Police Non-Violence a Break From the Past

By Joel Stonington Utne.Com
Published on September 1, 2003

The police at this ministerial in Cancun have been incredible
about keeping protesters in their place and avoiding any type of
scandal. Remarkably, the lack of police violence has probably been
the most shocking thing to many activists here. In Seattle, in
1999, the WTO was clearly established as an organization so
contrary to the interests of so many that protests, always
passionate and often violent, would follow it to the ends of the
earth.

Here in Cancun the police have used methods that have virtually
shut down the ability of the large-scale protests in nearby Cancun
City to have any direct contact with the delegates at the fifth
ministerial. And unlike Seattle, the police here have done it with
remarkable restraint.

Today was the last major march against the WTO in Cancun. Many
of the same groups came together in what was a significantly
smaller protest than the one on Monday, with upwards of three
thousand people. Once again, the protesters met the barricade at
kilometer 0 of the road to the hotel zone, roughly 8 kilometers
from the convention center.

The barricade, made of three layers of ten-foot fences and
cement blocks, was rapidly torn apart with ropes, wire cutters, and
battering rams fashioned from shopping carts. Once the protesters
faced the police everyone quieted down for speeches. Amazingly,
everyone sat down to listen to announcements by the South Koreans.
‘We have come here to oppose the WTO… we pulled down this fence
together…’ They offered flowers for Kyung-hae Lee, the leader who
killed himself on Wednesday, and burnt an effigy representing the
WTO.

These symbolic actions, however, are all that is necessary.
There is no hope of getting through the barricades and making it
all the way to the convention center. It would take two or three
hours just to walk there, not even counting the fact that there are
a further dozen barricades the police could fall back on in that
distance. Thus, just as the death of the South Korean farmer was a
symbolic act, so too have the protests been forced to become
largely symbolic.

The thousands that came to the wall of police here today were
dressed ready for battle. Most had gas masks, bandanas, and some
form of goggles. Many had gloved hands for throwing gas canisters
back at the police. Most everyone had some sort of message against
the WTO on their shirt or hat. The police, for their part, were
dressed in full riot gear and as immovable and ready for violence
as the activists.

In Seattle, Genoa, and in other places around the world, police
have violently repressed peaceful protesters. This violence has
galvanized many at the grassroots of the global justice movement.
If police beat people up, if they arrest people who have peacefully
protested, if they shoot people in the face as they did to Carlo
Giuliani in Genoa, then activists take a sort of pride in being
part of a brutally repressed movement that is on the side of truth
and justice. Protesters came prepared for police violence. Breaking
with the past, police have answered by keeping the peace.

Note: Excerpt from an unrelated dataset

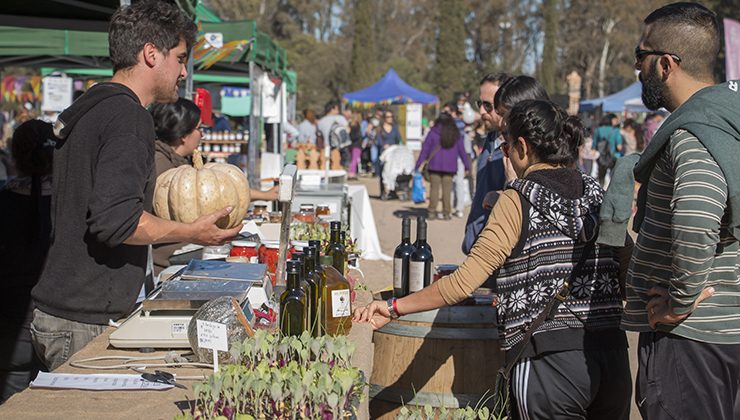 Se viene la 5ª Feria de Pequeños y Medianos Productores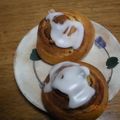 があここ's cooksnap of when they made HB使用！シナモンロール.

Last night, when Starhawk and others protested in front of the
convention center, the police actually brought an air-conditioned
tour bus to give them a ride back to the city. No one was arrested.
Police have taken many blows from protesters. They have been hit by
rocks and bashed with sticks. Today, protesters actually threw a
bucket of shit on police — serious provocation. A few police have
hit back, although this has been scarce and largely in
self-defense.

In this sense, the protesters lost. The media shows people
throwing shit on police and the police hold their line. But in many
other senses protesters have won. This week has been a brilliant,
shining example of positive alternatives for thousands of people
who came here to partake in hundreds of public forums held
throughout the week, including the Peoples Forum for Alternatives
to the WTO, the Fair Trade Fair, Sustainable Trade Symposium, and
the Forum on Forests and Globalization. Many of these people did
not take to the streets.

Taking the streets is an incredibly powerful statement. The
action stops the movement of traffic and commerce in the area.
Attention is drawn to an important issue. This was done with
amazing care and with a small number of people in the case of the
direct action last night in front of the convention center.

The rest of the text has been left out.